Est considéré comme acquis un caractère qu’on acquiert après la naissance, qui dépend de l’environnement et donc de la culture.

La question de ce qui est naturel et ce qui est culturel en l’homme recoupe en fait la distinction entre l’inné et l’acquis. Or, le débat entre l’inné et l’acquis chez l’être humain amène bien souvent à une impasse, parce qu’on a tendance à vouloir tout expliquer par l’un ou par l’autre :

d’un côté tout serait inné, tout serait déterminé par des lois mécaniques ou génétiques ;

de l’autre, tout serait acquis, toutes les manifestations qui nous paraissent naturelles seraient le résultat de processus sociaux.
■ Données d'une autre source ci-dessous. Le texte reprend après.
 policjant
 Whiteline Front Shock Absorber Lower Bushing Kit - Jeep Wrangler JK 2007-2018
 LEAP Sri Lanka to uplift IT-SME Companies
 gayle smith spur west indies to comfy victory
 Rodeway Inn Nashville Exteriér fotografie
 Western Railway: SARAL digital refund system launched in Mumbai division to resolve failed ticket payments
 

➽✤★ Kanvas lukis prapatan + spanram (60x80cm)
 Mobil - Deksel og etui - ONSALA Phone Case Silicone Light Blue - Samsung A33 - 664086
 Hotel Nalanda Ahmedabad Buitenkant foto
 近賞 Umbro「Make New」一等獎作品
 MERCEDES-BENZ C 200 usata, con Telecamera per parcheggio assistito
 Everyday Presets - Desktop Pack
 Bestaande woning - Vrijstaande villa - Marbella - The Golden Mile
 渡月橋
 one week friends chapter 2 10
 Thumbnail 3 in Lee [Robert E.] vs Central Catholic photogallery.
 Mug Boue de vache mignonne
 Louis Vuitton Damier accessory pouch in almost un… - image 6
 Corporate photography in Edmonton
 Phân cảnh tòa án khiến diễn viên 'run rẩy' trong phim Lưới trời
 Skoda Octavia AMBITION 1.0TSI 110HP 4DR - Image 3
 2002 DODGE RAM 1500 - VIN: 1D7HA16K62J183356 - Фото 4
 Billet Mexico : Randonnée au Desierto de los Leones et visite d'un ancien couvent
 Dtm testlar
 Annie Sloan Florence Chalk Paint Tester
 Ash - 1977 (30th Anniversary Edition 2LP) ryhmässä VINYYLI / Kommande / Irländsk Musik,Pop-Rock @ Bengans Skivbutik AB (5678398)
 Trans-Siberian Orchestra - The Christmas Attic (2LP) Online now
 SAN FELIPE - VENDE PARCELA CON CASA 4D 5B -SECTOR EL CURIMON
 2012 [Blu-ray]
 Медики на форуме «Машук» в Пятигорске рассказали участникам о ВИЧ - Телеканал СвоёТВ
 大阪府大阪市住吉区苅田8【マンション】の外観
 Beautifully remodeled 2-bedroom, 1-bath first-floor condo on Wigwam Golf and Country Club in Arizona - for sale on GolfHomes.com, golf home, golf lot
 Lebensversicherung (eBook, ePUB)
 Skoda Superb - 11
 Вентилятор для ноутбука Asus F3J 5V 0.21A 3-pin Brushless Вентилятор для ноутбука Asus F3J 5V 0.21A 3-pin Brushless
Ainsi, même dans le cas d’un objet qui nous paraît le plus naturel possible (notre corps), la limite entre l’inné et l’acquis, le naturel et l’artificiel semble extrêmement difficile à déterminer. En effet, notre corps semble être le signe de la matérialité en nous et nous rapprocher des autres êtres vivants : comme eux, nous naissons, avons des besoins corporels et mourrons. Mais selon les cultures, les classes sociales, les genres, les corps vont être plus ou moins minces, plus ou moins musclés, tatoués, percés, modifiés par les habits, et donc transformés par la culture.